Every once in a while, even a big city like Los Angeles can feel like a small town, the kind of place where everybody knows your business. This is especially true when my wife insists I go to the doctor.
Frankly, it’s nobody’s business why I’ve missed four annual physicals in a row. Maybe there’s been nothing to complain about, although I can’t say this out loud. The last time I did my wife laughed and pulled a stomach muscle.
(FOR THE RECORD: I was busy with other things.)
My wife insisted on joining me in the exam room. This merely wasted the doctor’s time because I had to constantly remind my wife that giggling when I took my clothes off was reserved for private time; also, if I wanted the doctor to know about…certain things…I would have told him.
She called my attitude a “guy thing,” and immediately blurted out irrelevant information such as how I huff and puff when climbing the stairs at home.
The doctor seemed to think that was worth typing into his computer, which is totally ridiculous. Huffing and puffing is a normal part of aging. (FOR THE RECORD: You can find that on the internet, if you look long enough.)
I also thought the doctor’s insistence that something is wrong when shortness of breath occurs “after climbing the first step” somewhat disingenuous. What do doctors know about stairs? Not as much as my contractor, I’ll bet. He built the ones in my house. And he says there’s nothing wrong with them.
The exchange was getting heated when my wife suggested we take the disagreement outside, because that’s where his medical degree was hanging.
You may not know this, but anyone with a medical degree can legally prescribe walking every day. At least that’s what the AMA told me.
They can also prescribe a pedometer. I don’t believe that’s correct, but the AMA told me to stop calling.
If you’re not familiar with pedometers, let me explain about this little bit of “spy wear.”
And, no, I’m not being funny.
You enter your stride length, which you have to figure out by taking 10 steps, measuring how far you’ve walked, and dividing by 10. Don’t try calling up the manufacturer and telling them this is a stupid operation fraught with potential errors. They are not nearly as polite as the AMA.
The pedometer counts your steps and tells the whole world how many miles you’ve walked and how many calories you’ve burned.
Apparently, the second number is there so, in case of an emergency, an EMT can replace those calories in a hurry. I’m sure I can find data on the internet about how many people die of calorie deficiency.
If I look long enough.
Nonetheless, six weeks ago, promptly at 7AM, I started my new walking routine.
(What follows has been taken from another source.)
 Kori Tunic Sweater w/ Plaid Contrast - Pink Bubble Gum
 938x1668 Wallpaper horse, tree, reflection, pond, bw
I was quite surprised.
I had no idea Los Angeles mornings had a 7AM.
After four weeks I was proud to discover my huffing and puffing didn’t begin until I was at least half way up to the second step. The doctor was less impressed and suggested I try walking further than to the bottom of the driveway and back.
I promptly named my pedometer Benedict Arnold.
Now I leave the house at 7AM, return an hour later and proudly show my wife the pedometer. Two miles it says.
And I changed the pedometer’s name to Florence Nightingale.
Not only doesn’t it mention that I only walk 15 minutes to the nearest Starbucks, it says nothing about the coffee and bagels I have to stave off calorie deficiency.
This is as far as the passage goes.